HOW TO COMPLETE THIS TASK -> Copy nothing but the lines below running from the line containing "Maybe you would" through the line containing "Plot of the Rayleigh CDF", both end lines included.

PROVIDED INFORMATION ->
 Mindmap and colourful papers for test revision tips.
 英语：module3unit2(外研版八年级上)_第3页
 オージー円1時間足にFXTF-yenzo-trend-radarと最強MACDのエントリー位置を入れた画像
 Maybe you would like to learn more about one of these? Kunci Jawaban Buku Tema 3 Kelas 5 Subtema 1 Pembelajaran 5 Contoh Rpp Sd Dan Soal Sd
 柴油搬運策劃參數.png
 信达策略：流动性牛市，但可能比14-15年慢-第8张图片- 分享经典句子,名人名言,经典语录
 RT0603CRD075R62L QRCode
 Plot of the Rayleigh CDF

---

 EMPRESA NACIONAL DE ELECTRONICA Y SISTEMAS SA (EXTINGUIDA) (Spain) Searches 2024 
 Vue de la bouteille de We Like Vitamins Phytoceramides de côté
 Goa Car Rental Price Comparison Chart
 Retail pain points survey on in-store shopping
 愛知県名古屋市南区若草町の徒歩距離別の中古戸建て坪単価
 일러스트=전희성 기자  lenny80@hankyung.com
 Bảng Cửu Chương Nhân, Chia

---

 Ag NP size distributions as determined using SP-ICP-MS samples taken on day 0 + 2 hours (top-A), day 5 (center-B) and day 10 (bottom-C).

OUTPUT OF THE TASK ->
 Maybe you would like to learn more about one of these? Kunci Jawaban Buku Tema 3 Kelas 5 Subtema 1 Pembelajaran 5 Contoh Rpp Sd Dan Soal Sd
 柴油搬運策劃參數.png
 信达策略：流动性牛市，但可能比14-15年慢-第8张图片- 分享经典句子,名人名言,经典语录
 RT0603CRD075R62L QRCode
 Plot of the Rayleigh CDF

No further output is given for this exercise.